▶ Task:
In the records that follow, find each line with "Metal" and pull it out.

(Short text fragments from websites)
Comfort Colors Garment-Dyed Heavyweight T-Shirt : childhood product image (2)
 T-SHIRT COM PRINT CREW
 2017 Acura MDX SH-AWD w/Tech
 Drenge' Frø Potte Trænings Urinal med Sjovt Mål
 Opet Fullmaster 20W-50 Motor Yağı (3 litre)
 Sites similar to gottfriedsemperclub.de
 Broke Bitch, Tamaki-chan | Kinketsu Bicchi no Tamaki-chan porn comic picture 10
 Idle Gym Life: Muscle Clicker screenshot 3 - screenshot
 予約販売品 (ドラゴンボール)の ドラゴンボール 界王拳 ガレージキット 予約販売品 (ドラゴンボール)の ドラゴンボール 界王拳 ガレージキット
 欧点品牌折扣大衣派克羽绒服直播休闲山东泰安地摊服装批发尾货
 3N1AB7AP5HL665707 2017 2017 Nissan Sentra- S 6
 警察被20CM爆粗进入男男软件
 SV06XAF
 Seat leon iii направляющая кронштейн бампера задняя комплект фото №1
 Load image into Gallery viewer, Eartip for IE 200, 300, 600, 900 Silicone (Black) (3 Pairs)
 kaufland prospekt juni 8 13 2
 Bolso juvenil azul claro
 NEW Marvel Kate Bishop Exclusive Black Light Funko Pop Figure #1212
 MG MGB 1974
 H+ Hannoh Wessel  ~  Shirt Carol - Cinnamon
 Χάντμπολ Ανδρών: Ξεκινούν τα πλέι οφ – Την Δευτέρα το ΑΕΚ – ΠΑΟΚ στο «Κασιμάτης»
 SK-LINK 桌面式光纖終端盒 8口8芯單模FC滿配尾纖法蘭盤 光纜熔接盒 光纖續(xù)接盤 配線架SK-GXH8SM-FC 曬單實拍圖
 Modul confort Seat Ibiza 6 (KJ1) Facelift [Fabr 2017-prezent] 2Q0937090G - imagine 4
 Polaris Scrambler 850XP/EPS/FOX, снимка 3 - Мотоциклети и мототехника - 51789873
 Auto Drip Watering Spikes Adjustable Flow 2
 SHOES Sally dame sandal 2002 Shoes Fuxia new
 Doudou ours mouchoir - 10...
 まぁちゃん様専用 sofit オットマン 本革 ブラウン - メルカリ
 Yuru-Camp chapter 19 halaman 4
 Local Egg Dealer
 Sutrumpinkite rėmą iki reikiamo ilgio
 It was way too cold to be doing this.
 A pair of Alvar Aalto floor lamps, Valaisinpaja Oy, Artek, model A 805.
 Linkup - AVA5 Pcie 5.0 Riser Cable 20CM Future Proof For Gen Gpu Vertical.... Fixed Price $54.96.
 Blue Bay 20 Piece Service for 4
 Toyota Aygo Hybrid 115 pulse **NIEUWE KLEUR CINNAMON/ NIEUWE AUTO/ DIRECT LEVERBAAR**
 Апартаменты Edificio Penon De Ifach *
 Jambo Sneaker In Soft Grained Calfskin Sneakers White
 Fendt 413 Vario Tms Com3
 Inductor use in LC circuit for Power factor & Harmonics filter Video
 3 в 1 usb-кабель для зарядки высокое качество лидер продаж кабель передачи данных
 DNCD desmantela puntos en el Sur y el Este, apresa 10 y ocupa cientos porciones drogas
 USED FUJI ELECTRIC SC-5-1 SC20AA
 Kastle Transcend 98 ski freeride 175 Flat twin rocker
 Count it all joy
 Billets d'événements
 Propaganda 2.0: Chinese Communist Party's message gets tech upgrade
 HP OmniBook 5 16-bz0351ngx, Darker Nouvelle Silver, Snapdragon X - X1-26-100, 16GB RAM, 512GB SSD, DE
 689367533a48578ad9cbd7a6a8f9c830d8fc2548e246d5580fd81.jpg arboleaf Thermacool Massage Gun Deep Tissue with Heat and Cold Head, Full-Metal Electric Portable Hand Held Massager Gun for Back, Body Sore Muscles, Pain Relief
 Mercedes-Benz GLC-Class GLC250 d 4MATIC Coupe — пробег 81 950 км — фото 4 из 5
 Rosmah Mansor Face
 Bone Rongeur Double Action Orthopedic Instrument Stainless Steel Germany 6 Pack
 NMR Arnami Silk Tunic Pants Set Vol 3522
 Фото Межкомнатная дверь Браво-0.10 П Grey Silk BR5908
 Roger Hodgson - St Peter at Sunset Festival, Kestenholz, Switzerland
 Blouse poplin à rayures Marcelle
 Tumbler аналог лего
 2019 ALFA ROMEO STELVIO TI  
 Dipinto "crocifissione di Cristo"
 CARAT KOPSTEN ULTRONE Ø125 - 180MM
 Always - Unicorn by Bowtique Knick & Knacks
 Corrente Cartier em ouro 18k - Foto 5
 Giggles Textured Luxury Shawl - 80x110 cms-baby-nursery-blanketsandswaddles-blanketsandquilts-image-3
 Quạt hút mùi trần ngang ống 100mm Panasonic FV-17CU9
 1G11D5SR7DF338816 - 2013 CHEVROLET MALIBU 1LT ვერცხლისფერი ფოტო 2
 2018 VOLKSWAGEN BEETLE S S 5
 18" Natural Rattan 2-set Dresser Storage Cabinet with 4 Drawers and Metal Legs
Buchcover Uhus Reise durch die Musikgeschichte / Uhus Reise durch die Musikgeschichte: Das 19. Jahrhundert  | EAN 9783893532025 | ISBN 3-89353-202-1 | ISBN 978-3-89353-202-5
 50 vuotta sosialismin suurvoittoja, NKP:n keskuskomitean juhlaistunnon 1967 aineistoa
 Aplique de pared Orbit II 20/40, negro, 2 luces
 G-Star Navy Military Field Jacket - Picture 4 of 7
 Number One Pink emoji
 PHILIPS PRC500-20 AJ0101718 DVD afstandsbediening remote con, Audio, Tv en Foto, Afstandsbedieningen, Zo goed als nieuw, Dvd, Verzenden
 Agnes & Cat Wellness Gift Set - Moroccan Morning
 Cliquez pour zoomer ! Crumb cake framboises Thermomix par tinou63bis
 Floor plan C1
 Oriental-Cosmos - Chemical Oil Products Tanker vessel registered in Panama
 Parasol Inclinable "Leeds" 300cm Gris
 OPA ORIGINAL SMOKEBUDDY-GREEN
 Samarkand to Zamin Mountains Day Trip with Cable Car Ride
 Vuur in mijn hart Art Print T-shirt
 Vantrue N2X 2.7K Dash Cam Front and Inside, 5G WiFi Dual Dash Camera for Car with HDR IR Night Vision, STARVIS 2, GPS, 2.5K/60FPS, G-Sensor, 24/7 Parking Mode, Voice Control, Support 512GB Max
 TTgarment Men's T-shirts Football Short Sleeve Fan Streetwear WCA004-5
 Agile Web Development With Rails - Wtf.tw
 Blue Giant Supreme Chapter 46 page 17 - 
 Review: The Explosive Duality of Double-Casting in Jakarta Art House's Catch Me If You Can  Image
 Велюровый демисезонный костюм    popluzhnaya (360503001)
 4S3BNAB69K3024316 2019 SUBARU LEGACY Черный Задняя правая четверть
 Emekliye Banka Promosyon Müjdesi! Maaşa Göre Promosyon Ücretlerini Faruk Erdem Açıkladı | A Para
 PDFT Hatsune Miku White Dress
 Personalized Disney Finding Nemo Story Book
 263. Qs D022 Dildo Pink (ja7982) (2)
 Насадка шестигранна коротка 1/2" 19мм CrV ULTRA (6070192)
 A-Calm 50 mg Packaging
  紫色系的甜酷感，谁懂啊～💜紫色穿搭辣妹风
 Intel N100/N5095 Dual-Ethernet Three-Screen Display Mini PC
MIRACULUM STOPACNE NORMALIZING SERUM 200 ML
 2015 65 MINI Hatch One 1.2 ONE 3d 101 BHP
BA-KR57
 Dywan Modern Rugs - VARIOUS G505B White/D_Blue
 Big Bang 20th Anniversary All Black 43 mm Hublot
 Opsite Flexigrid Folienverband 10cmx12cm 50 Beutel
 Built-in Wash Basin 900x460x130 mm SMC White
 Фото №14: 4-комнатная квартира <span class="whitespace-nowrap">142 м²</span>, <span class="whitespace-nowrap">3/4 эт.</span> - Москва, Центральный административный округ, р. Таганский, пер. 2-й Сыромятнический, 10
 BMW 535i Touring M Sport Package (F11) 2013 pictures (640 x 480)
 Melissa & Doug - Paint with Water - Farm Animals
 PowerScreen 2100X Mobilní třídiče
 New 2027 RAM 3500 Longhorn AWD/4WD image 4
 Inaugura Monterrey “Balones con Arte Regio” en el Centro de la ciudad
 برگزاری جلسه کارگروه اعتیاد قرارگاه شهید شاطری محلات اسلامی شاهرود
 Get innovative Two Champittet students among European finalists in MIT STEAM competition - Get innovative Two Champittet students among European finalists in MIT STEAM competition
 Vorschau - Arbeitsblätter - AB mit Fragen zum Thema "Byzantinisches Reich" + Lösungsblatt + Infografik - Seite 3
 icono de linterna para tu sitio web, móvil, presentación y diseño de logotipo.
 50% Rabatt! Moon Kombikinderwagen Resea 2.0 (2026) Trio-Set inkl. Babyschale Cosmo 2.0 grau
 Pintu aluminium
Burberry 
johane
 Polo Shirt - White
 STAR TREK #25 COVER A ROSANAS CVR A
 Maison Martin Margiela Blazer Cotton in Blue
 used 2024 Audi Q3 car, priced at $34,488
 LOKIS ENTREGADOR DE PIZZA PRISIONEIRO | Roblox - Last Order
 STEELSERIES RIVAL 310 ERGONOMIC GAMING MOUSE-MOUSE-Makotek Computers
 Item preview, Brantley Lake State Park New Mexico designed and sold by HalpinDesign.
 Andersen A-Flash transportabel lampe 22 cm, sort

▶ Result for this task:
 689367533a48578ad9cbd7a6a8f9c830d8fc2548e246d5580fd81.jpg arboleaf Thermacool Massage Gun Deep Tissue with Heat and Cold Head, Full-Metal Electric Portable Hand Held Massager Gun for Back, Body Sore Muscles, Pain Relief
 18" Natural Rattan 2-set Dresser Storage Cabinet with 4 Drawers and Metal Legs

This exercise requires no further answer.